The role of social media in citizen political participation and protests in Zimbabwe is a new phenomenon. Its impact and communicative potential was recently tested in nationwide protest stayaway organised through the Facebook and Twitter movement under the #thisflag handle/brand. Following this, the chapter discusses the manners in which social media platforms such as Facebook and Whatsapp impact national politics in Zimbabwe and on a global scale, specifically looking at the #thisflag movement as a case study. In the period between March and June 2016, there ‘exploded’ in Zimbabwe social media based protests against the Zimbabwean Zimbabwe National Union Patriotic Front (ZANU-PF) led government over the state of the economy. Since the controversial elections of 2013, Zimbabwe has been on an accelerated economic decline, characterised by the closure of the larger part of industry and a general degeneration of the fiscus.
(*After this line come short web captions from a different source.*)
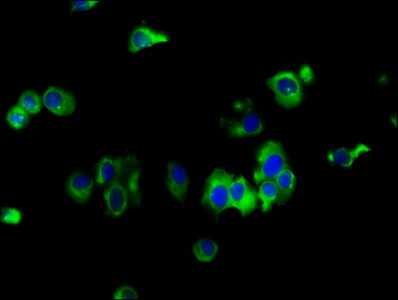 EMP2 Antibody - Immunofluorescence staining of MCF-7 cells diluted at 1:133, counter-stained with DAPI. The cells were fixed in 4% formaldehyde, permeabilized using 0.2% Triton X-100 and blocked in 10% normal Goat Serum. The cells were then incubated with the antibody overnight at 4°C.The Secondary antibody was Alexa Fluor 488-congugated AffiniPure Goat Anti-Rabbit IgG (H+L).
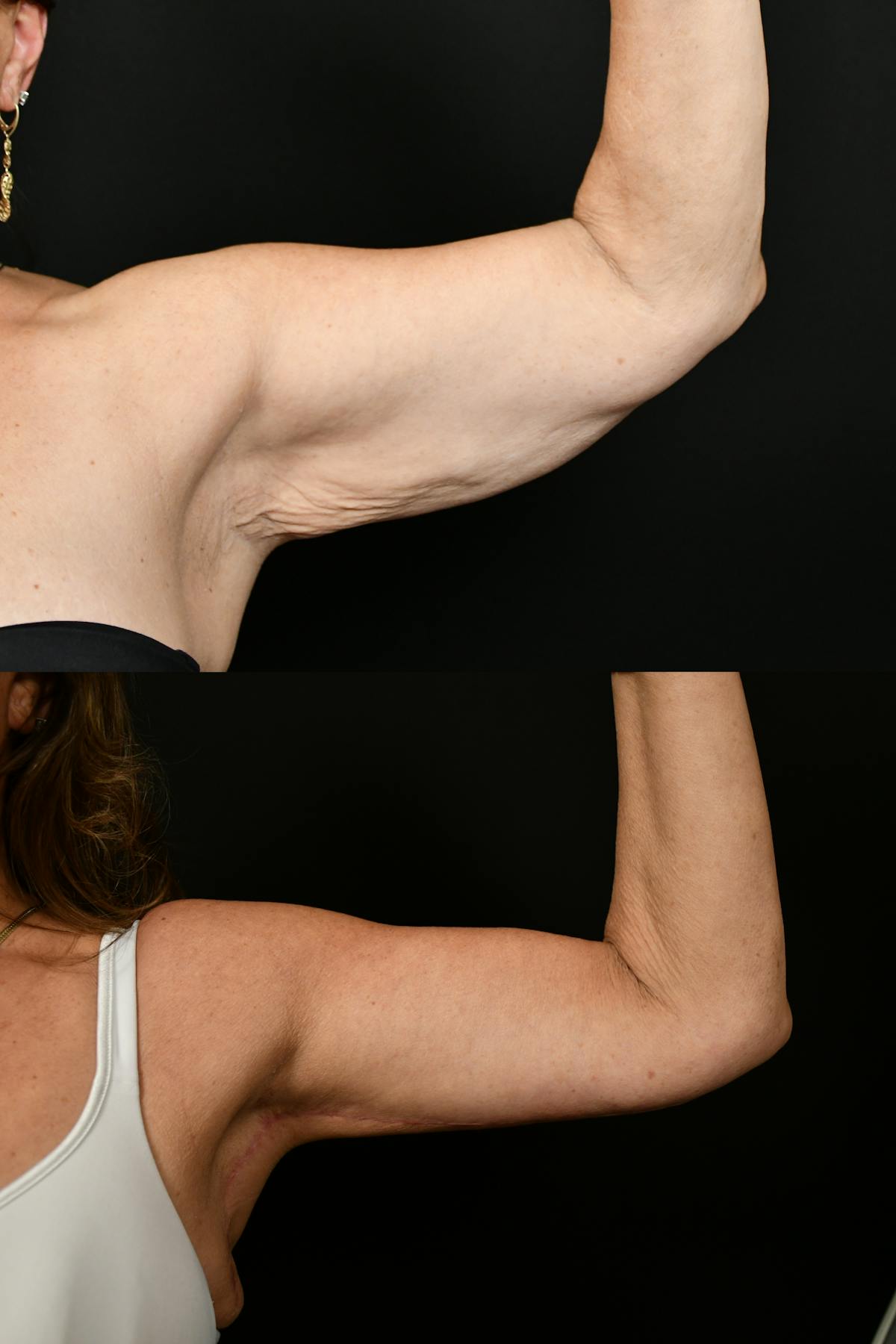 Arm Lift Before & After Gallery - Patient 334386 - Image 2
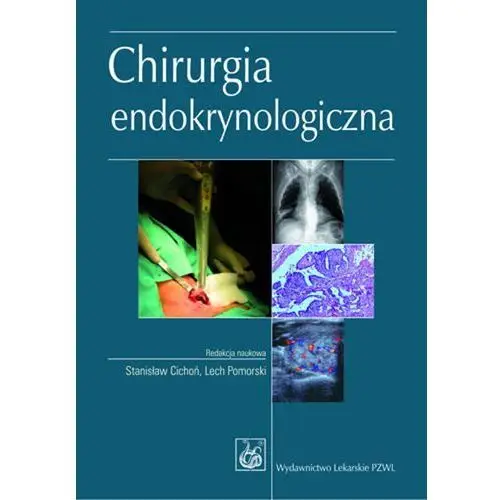 Chirurgia endokrynologiczna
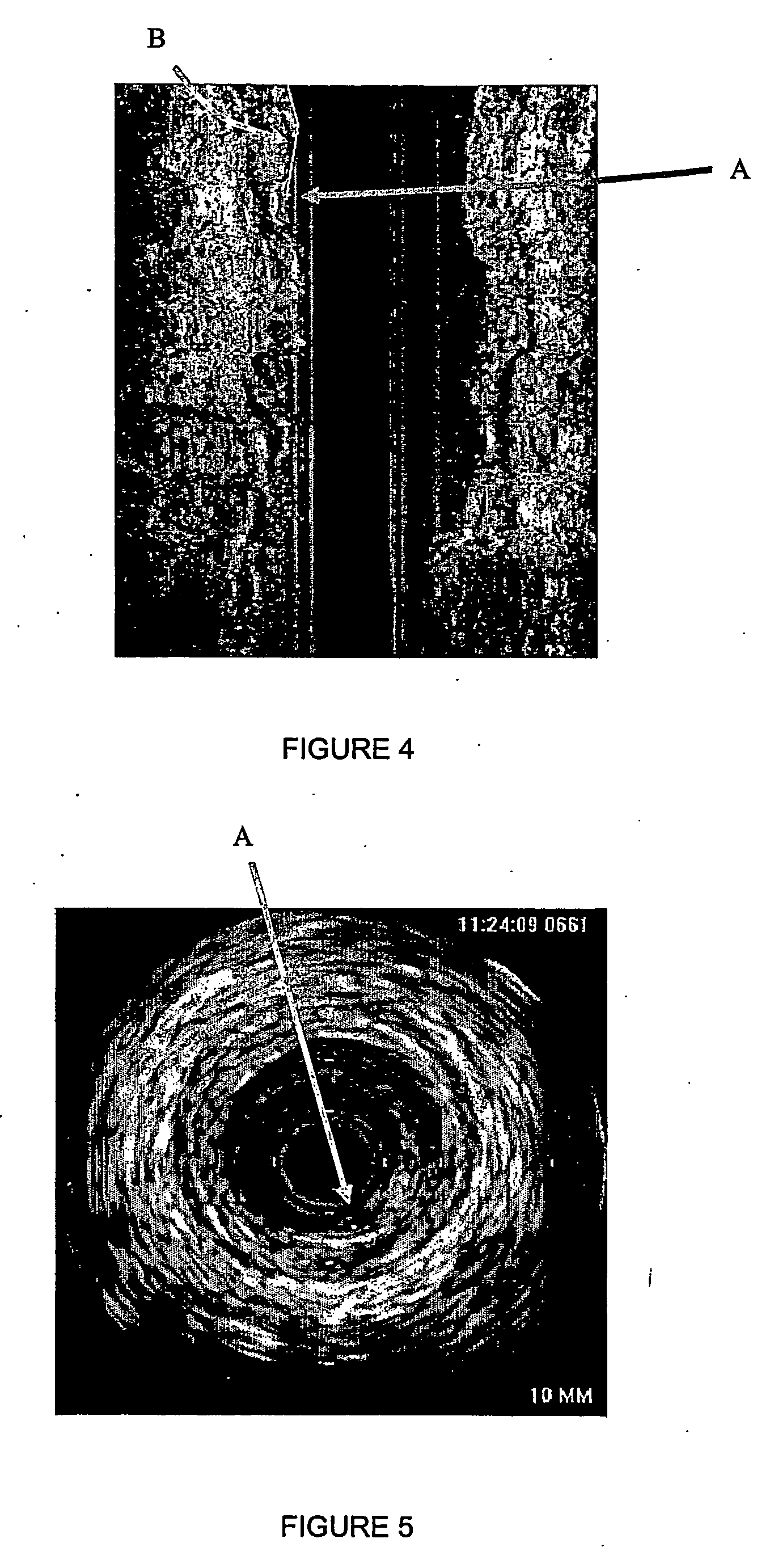 Automatic multi-dimensional intravascular ultrasound image segmentation method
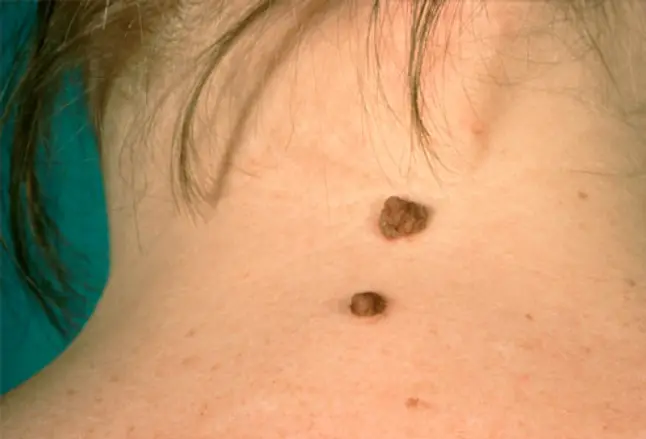 Photo of a mole on the back of a woman's neck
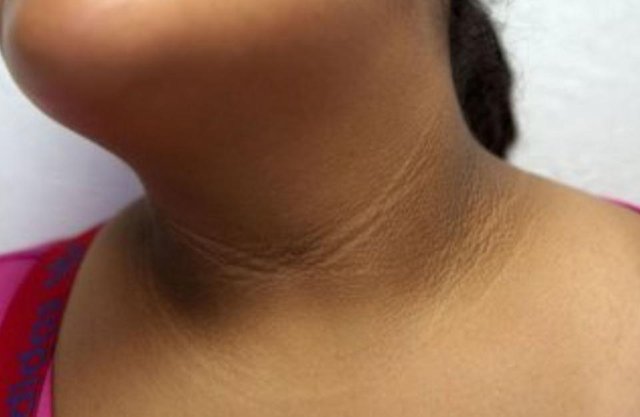 What do you need to know about acanthosis nigricans?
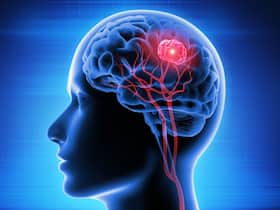 20 साल से कम उम्र के लोगों को भी हो सकता है ब्रेन ट्यूमर, जानिए कारण, लक्षण और उपचार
The economic challenges faced by Zimbabwe had adverse effects on other economies as well, especially those of her border neighbours who had to ‘accept’ hordes of Zimbabwean economic migrants. The situation has become so bad that the government has been struggling, albeit failing to meet its civil service monthly wage bill commitment among other pertinent responsibilities. In this political climate characterised by political squabbling, rampant corruption, a general economic decay and severing of regional and international relations arose a social media movement named #thisflag, led by a Pastor Evan Mawarire. The movement arguably, while not political party driven, has managed to rattle the ZANU PF government into realising the potential of social media mass protests to the point that it eventually flighted threats to the citizenry over the use and ‘abuse’ of social media. In fact, the Zimbabwean government has since enacted into law a Cyber Security Law, an act seen as responding to fears of social media. The promulgation of the Cybercrime and Cybersecurity Act in Zimbabwe and the subsequent appointment on Patrick Chinamasa as first minister of the newly created Ministry of Cyber Security speaks to the fears of social media by the ZANU PF government. Sadly, because social media utilises the World Wide Web (WWW) which is internet based, it makes it a transnational phenomenon and more difficult a space to monitor and regulate. This was in light of the observation that the #thisflag movement successfully mobilised the nation to a day national boycott of work on the 6th of July through their submovement tagged #shutdownzimbabwe.

The participation of Zimbabweans living outside the country in countries such as South Africa, Botswana, Namibia, The United States of America and Europe in general as economic migrants, further solidifies the transnational impact that the movement had in the determination of the direction the country would take politically and economically. The success of this mass stayaway evinces the power of social media in citizen advocacy in Zimbabwe and thus warrants further study and examination.